Contrary to what many people north of the border may think, it is not a scary and ghoulish piece of folk religion. It is an example of the meeting of two religions: Christianity and indigenous Mexican beliefs. These beliefs are seen by many historians of religion as forerunners of Christianity. Mexicans, like the ancient Hebrews, believed in one God, here named Teotl, above lesser divinities. In Psalm 82 we read aboutYahweh who “gives judgment in the midst of the gods.” There was also a belief in the soul’s existence after death, not unlike the way the Christian Church believes it as expressed by St. Paul when he exclaimed, “Death, where is your sting?”

In the Creeds of the Church, we confess the oneness of the faithful in the Church in heaven and on earth. Indigenous Mexicans held similar beliefs, and once a year that oneness was celebrated on the Day of the Dead when the distance between the living and the dead was bridged in a joyful celebration that mocked death’s loss of power over life.
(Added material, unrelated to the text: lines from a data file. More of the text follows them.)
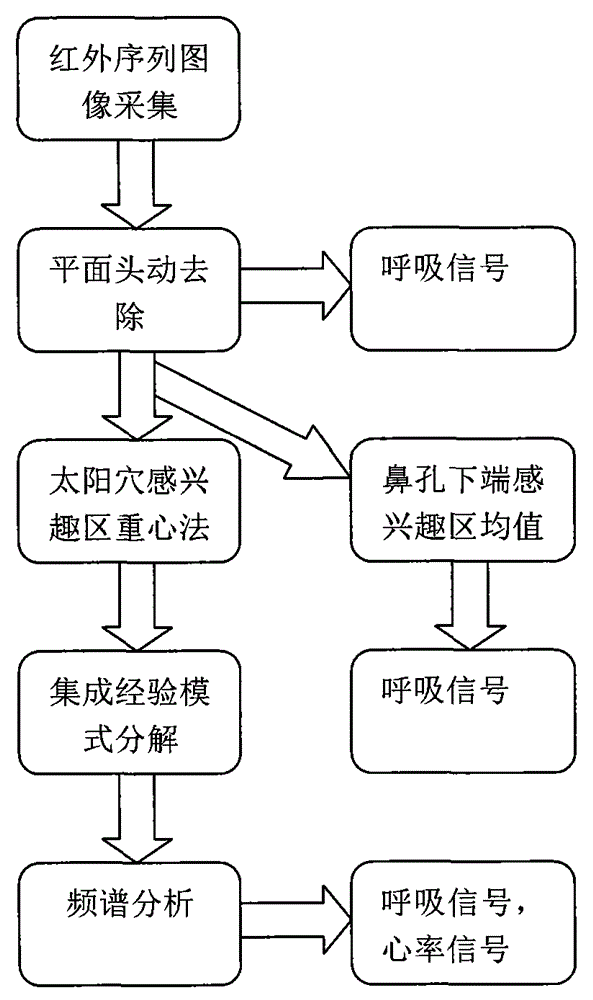 Non-contact human respiration and heart beat signal detection method based on infrared sequence image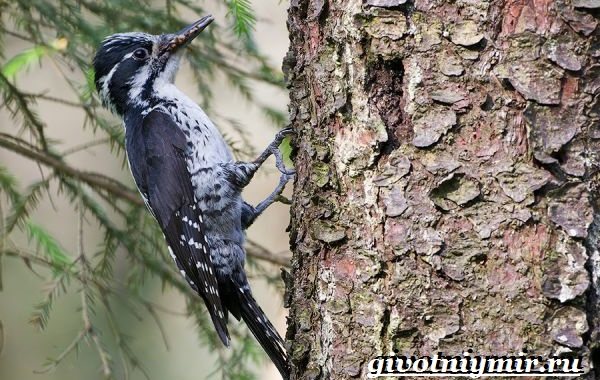 Дятел-миграция-и-среда обитания-для-дятлов-11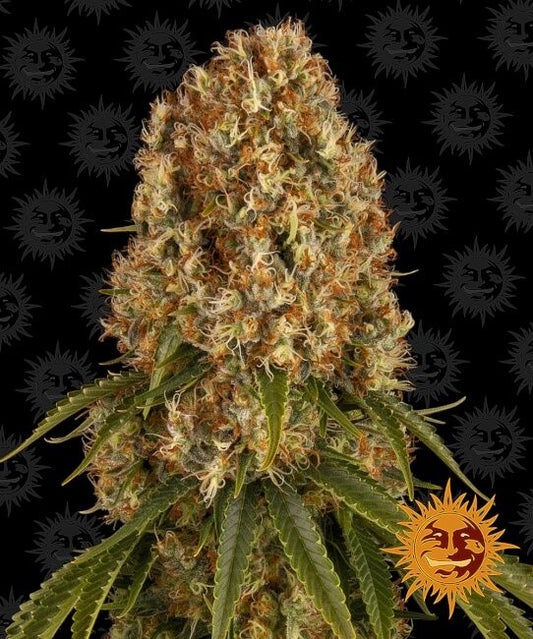 Orange Sherbert Feminised Seeds - 5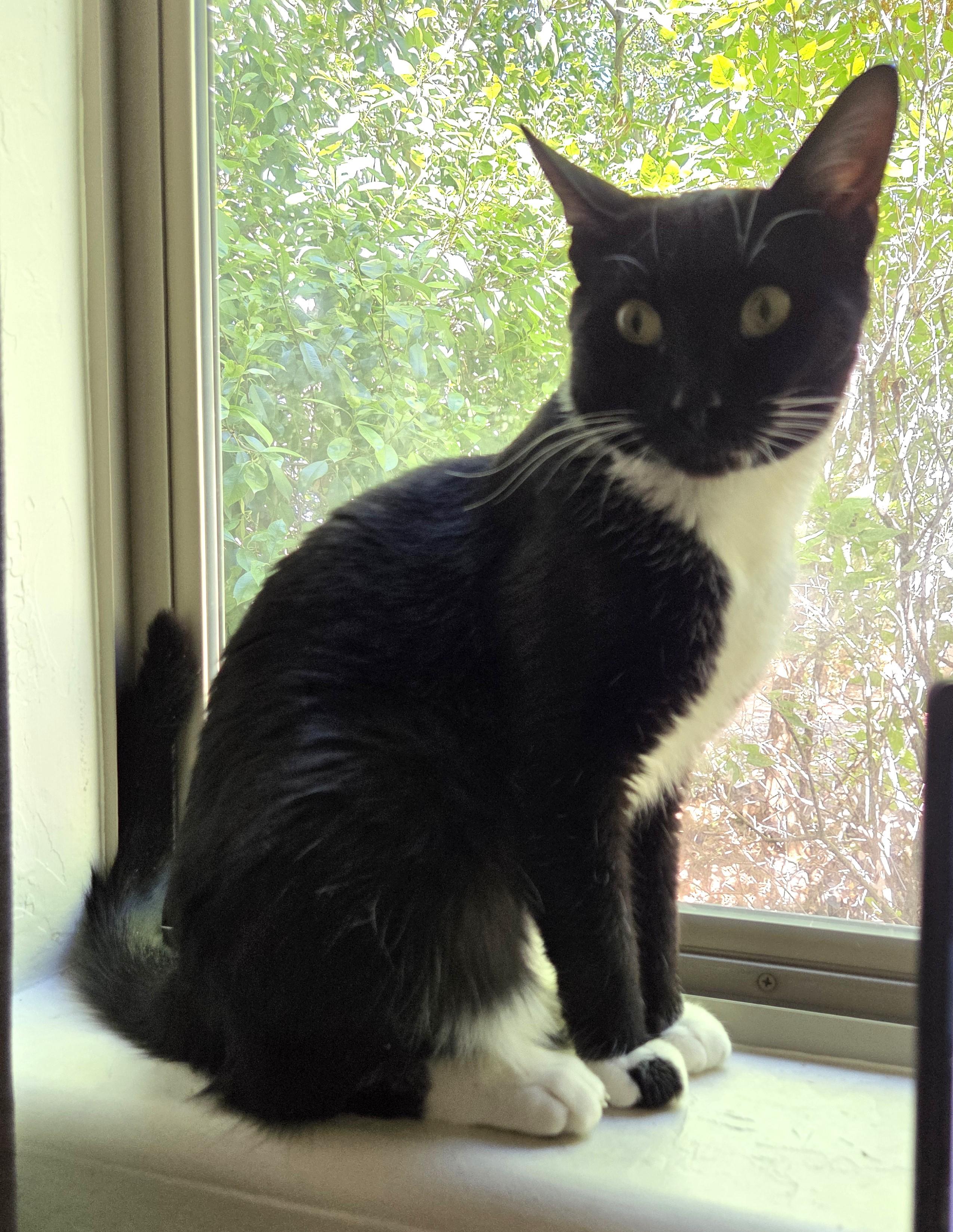 Moonlight - A Handsome, Playful Tuxedo Boy - Courtesy Listing, ADOPTABLE, Young Male Tuxedo.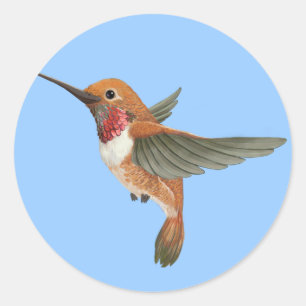 Rufous Kolibri Runder Aufkleber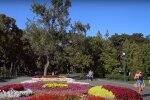 парк у Харкові, скріншот з відео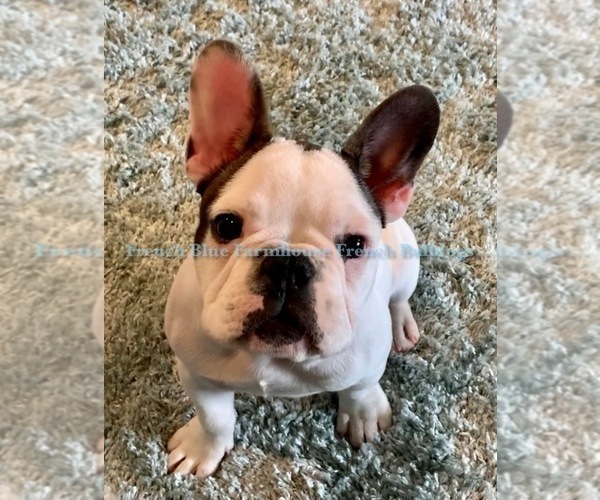 Medium Photo #1  Breeder Profile in SEALY, TX, USA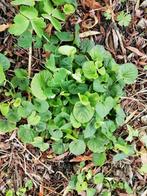Maarts viooltje inheemse voorjaarsbloeier, Tuin en Terras, Ophalen of Verzenden, Zomer, Overige soorten, Volle zon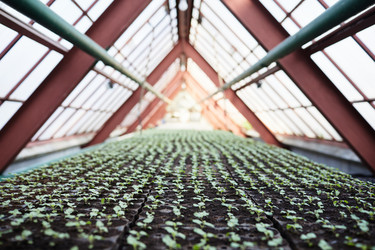 Similar image 21566290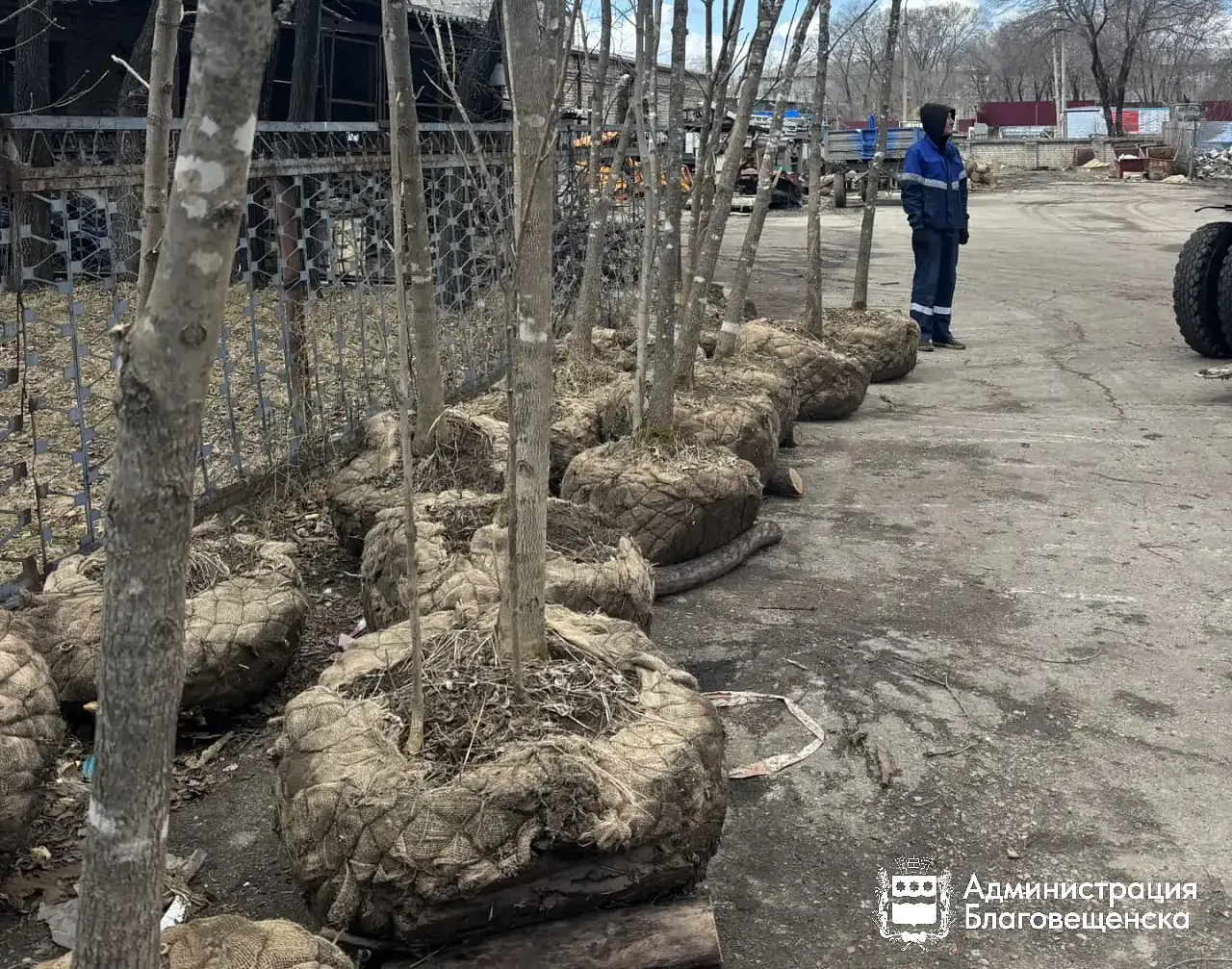 Фото: max.ru/blagoveshchensk_rf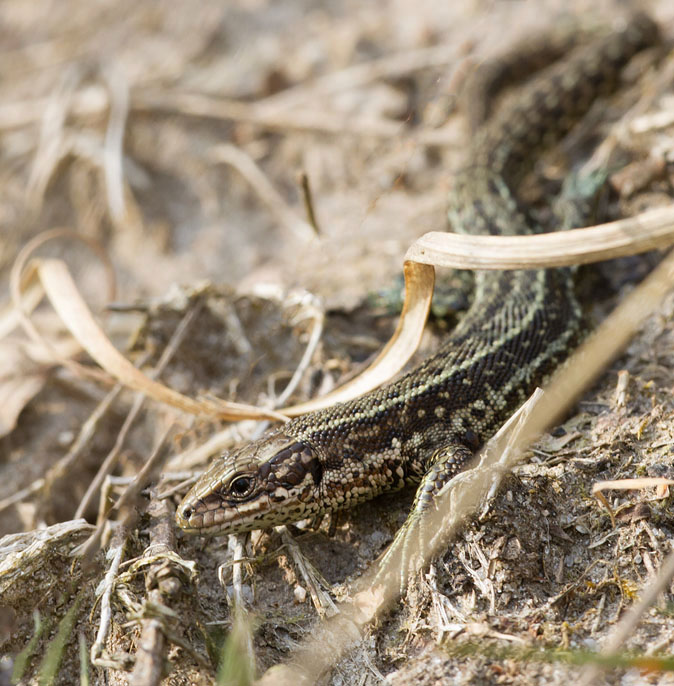 Levendbarendehagedis010414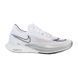 Чоловічі кросівки Nike ZoomX Streakfly 'White Metallic Silver'| DJ6566-101 DJ6566-101 фото 3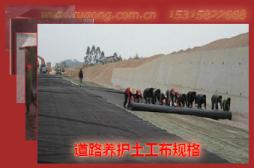 道路養(yǎng)護(hù)土工布規(guī)格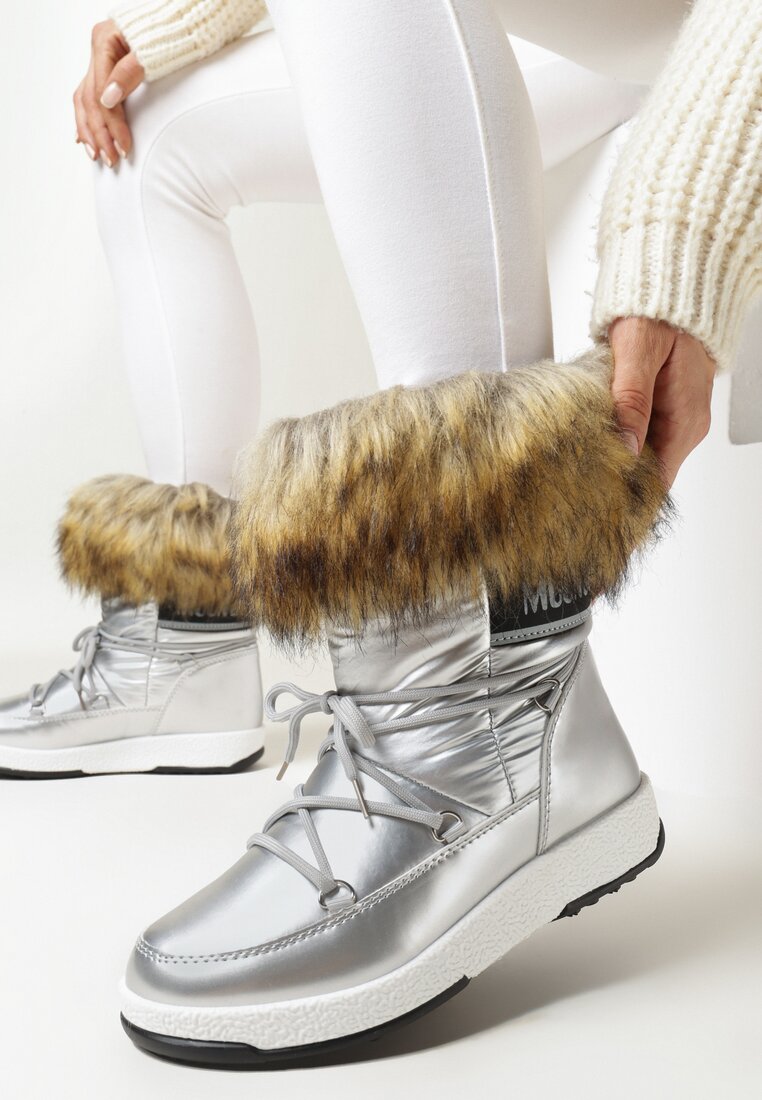 Apreschiuri Argintii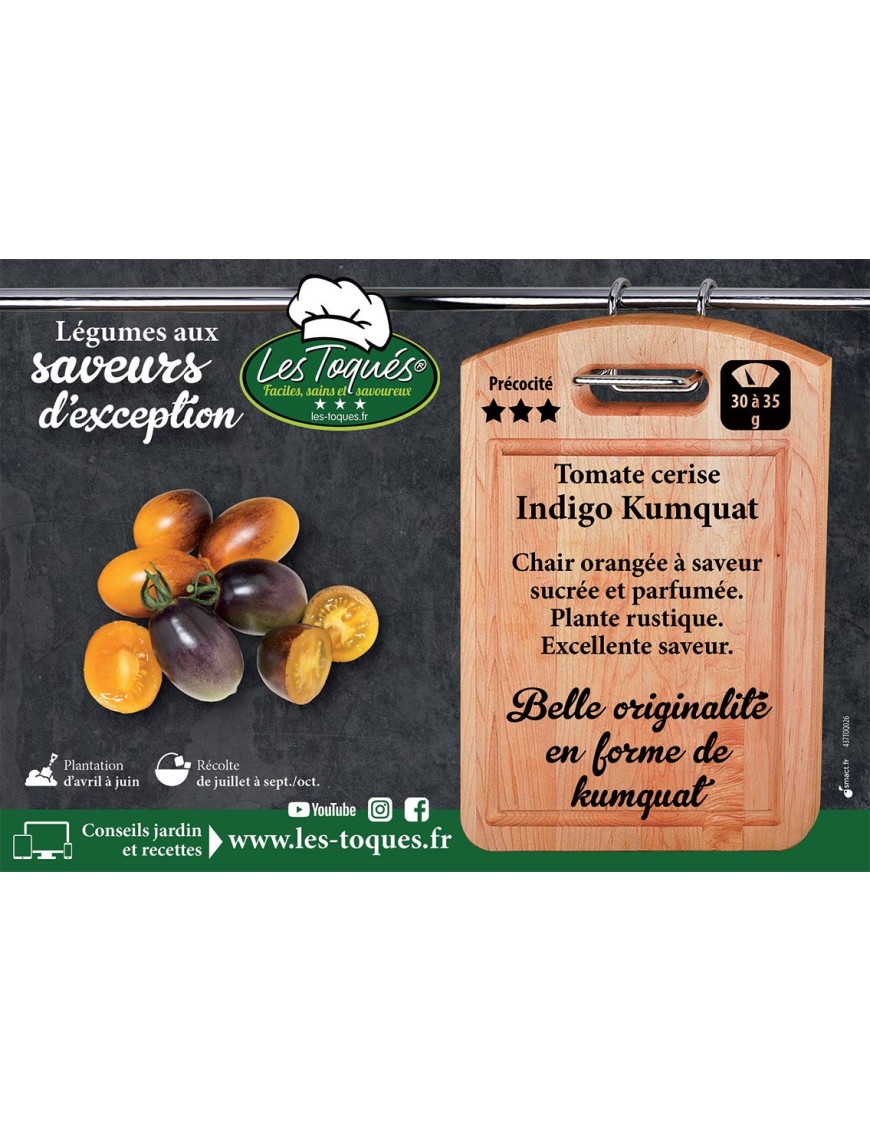 Tomate cerise Indigo Kumquat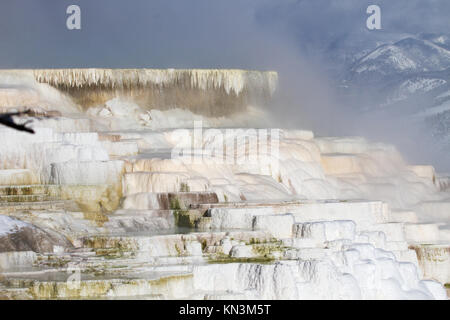 Eis und Schnee bedecken die Travertin Rock Hill der Kanarischen Frühlings- und Terrasse an der Yellowstone National Park Mammoth Hot Springs im Winter Januar 12, 2017 in der Nähe von Yanceys, Wyoming. (Foto von Diane Renkin über Planetpix) Stockfoto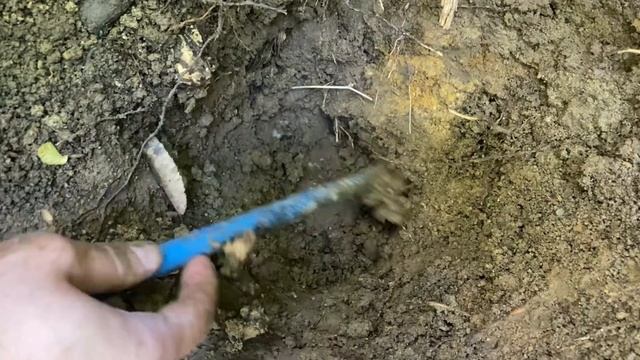 Treasure Hunting By Metal Detector / Metal Detecting смотреть онлайн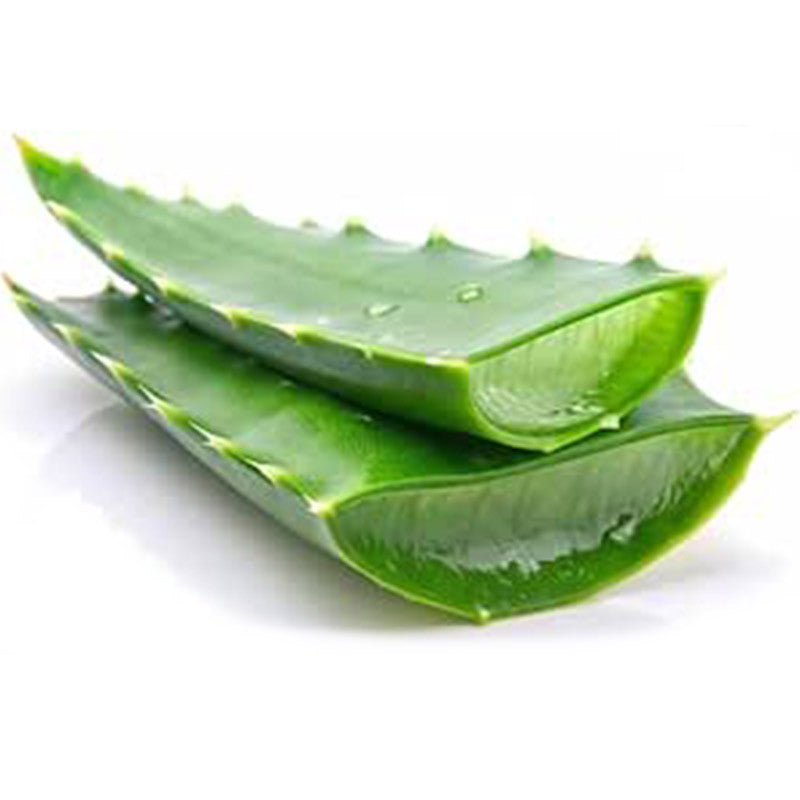 Aloe Vera Plant for Natural Healing and Home Decor 12–14cm Pot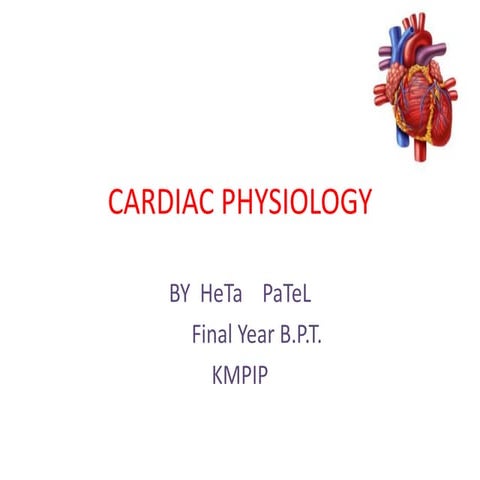 cardiac physiology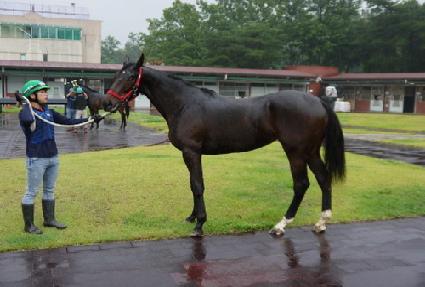 �ݼ��̰��� ����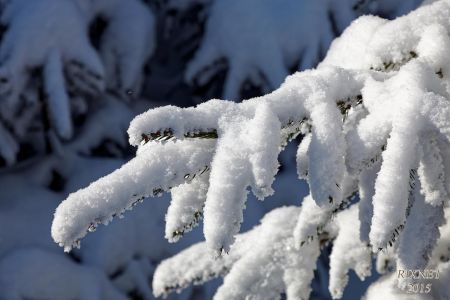 NEIGE 034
This belief has a remarkable affinity with the words of St. John Chrysostom in his Easter homily: “Christ is risen, the demons have fallen. Christ is risen and life is made free. Christ is risen and there is none dead in the tomb.”

The Spanish-speaking people of St. Paul’s Cathedral will construct a traditional Altar of the Dead signifying souls’ ascent into heaven, and they will festoon it with traditional adornments. We invite all people at St. Paul’s to bring a memento of their deceased loved one such as a photo, an item connected with a loved one, a small piece of artwork, etc., to place on the Altar of the Dead as we commemorate the Faithful Departed.